Cowabunga! - Swing For The Fences (Cover Artwork)
Staff Review

Cowabunga!

Swing For The Fences (2011)

self-released


Whenever I see an intentional or unintentional reference to the Teenage Mutant Ninja Turtles in music, my mind immediately wanders to Vanilla Ice's "Ninja Rap". Which can only bring forth certain adjectives like pathetic, gimmicky and shameful or maybe ironic. You should probably feel bad though if you enjoy it ironically or unironically, maybe even worse if it is ironically. But I digress, despite the band's name having an association with TMNT, it has nothing in common with "Ninja Rap". With a band name like this and an album entitled Swing For The Fences you still might get an association in your mind that carefree fun is going to ensue, and for the most part it does.

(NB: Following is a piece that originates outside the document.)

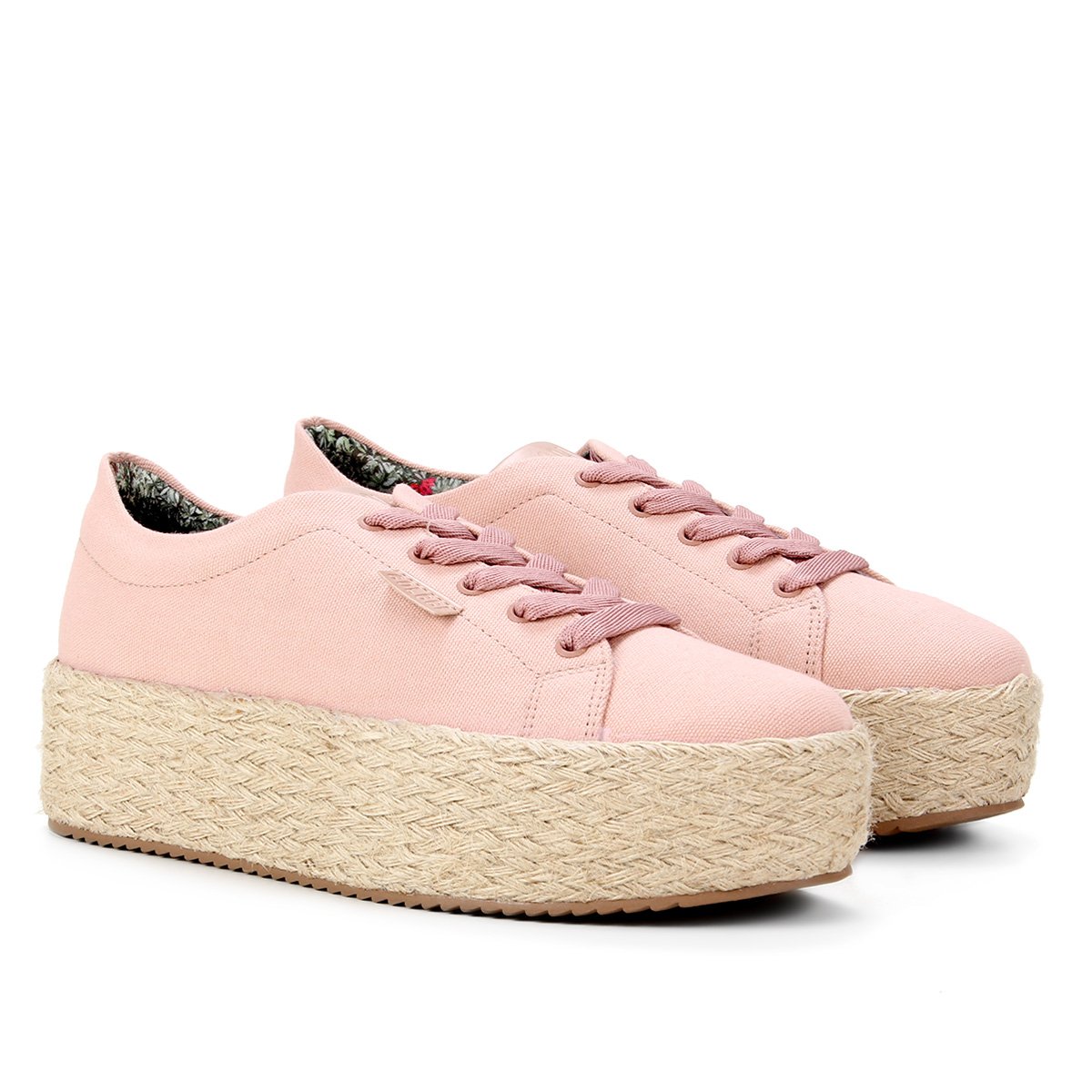 Tênis Flatform Colcci Juta Lidia Feminino - Pink Menor preço em Tênis Flatform Colcci Juta Lidia Feminino - Pink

This is textbook late 90s Blink 182-style pop-punk and you can anticipate the directions the chord progressions are going to go, how the drums are going to hit, where the melodies are headed and the slant the lyrics are taking. Honestly though there be something disappointing if the guitar intro on "Postcards" lead into an instrumental surf jam instead of whoa-laden tale of balancing love back home as a touring musician. The only problem is the following track "Morven Park" sounds a little too similar to it. Perhaps because it is about love again and there the lyrics are very grounded in the temporal or for portions the both rely on the same fast punk beat.

Cowabunga! do have a few little flairs that might keep the Foot Clan on their toes that seemingly take inspiration from the post-Set Your Goals landscape but without making things sound cheesy as fuck. There is some hardcore-ish backup vocals and breaksdowns on "Run Along" and "Time To Talk" that really help build that teen angst feeling that we all love so much. "Out Alive" closes the album and it is probably the best thing on the entire EP, there is some nice drum fills and a big sing along part at the end that sticks with you like and jingle and makes you want to spin the record again even if the whole thing isn't that amazing.

If you miss the late 90s and doubling up on handlebars to go get pizza with your best pals, Swing For The Fences could be the key to your very own wayback machine. I wouldn't know because I was listening to Black Star and A Tribe Called Quest in the late 90s and eating ketchup sandwiches.